5. De modo a enquadrar a questão normativa a decidir, importa ter presente que o Tribunal Constitucional teve oportunidade de apreciar, recentemente, a pedido do Provedor de Justiça, a constitucionalidade da norma extraída do n.º 1 do 8º do Decreto-Lei n.º 75/2010, de 23 de junho, através do Acórdão n.º 239/2013 (que pode ser consultado in www.tribunalconstitucional/tc/acordaos/), o qual decidiu que:
«Constitui jurisprudência uniforme e constante deste Tribunal, que são inconstitucionais, por violação do princípio da igualdade da remuneração laboral (consignado no artigo 59.º, n.º 1, alínea a), como decorrência do princípio fundamental da igualdade a que genericamente se refere o artigo 13.º da Constituição), as normas do regime da função pública que conduzam a que funcionários mais antigos numa dada categoria passem a auferir remuneração inferior à de outros com menor antiguidade e idênticas habilitações, por virtude de reestruturações de carreiras ou de alterações do sistema retributivo em que interfiram fatores anómalos, de circunstância puramente temporal, estranhos à equidade interna e à dinâmica global do sistema retributivo e sem relação com a natureza do trabalho ou com as qualificações, a experiência ou o desempenho dos funcionários confrontados. (…)
Ora, neste caso, parece ocorrer precisamente um caso de ultrapassagem de escalão remuneratório.
O artigo 7.º, n.º 2, alínea b), do Decreto-Lei n.º 75/2010, determinou que os professores titulares que, à data da entrada em vigor do diploma, isto é, em 24 de junho de 2010, estivessem posicionados no índice 245 há mais de 4 anos mas há menos de 5 fossem reposicionados, nessa mesma data, no índice 272, desde que 'tenham obtido no ciclo de avaliação do desempenho de 2007-2009 no mínimo a menção qualitativa de Bom' e 'tenham obtido na última avaliação do desempenho efetuada nos termos do Decreto Regulamentar n.º 11/98, de 15 de maio, classificação igual ou superior a Satisfaz'.

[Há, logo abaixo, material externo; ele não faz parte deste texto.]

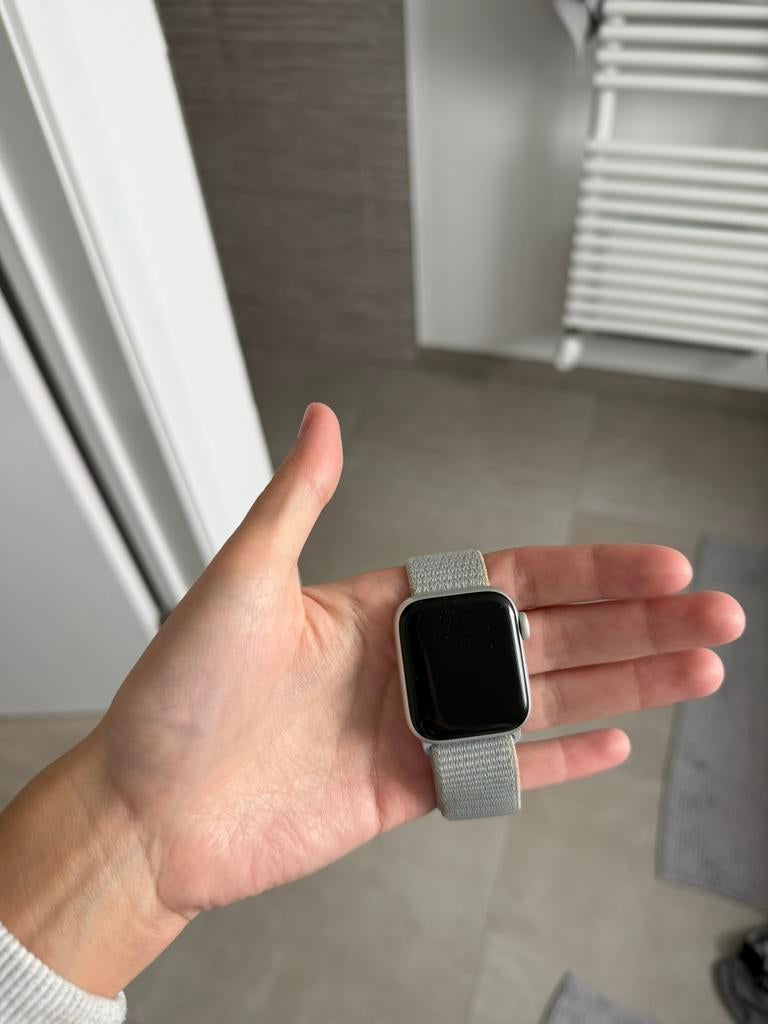 Apple watch SE, Étanche, Avancer d'un pas, IOS, Comme neuf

Por seu turno, nos termos do artigo 8.º, n.º 1, do mesmo diploma, os professores que fossem detentores da categoria de professor titular, que preenchessem precisamente os mesmos requisitos relativos à avaliação do desempenho, e à data da entrada em vigor da lei estivessem posicionados no índice 245 há mais de 5 anos e menos de 6 anos seriam posicionados no índice 299, mas o seu reposicionamento no índice 299 foi diferido para o momento em que completassem a antiguidade de 6 anos. Parece resultar a contrario desta disposição que, até atingirem os seis anos de serviço no escalão 245, não haveria qualquer alteração da sua posição em termos de escalões remuneratórios e se manteriam no índice 245.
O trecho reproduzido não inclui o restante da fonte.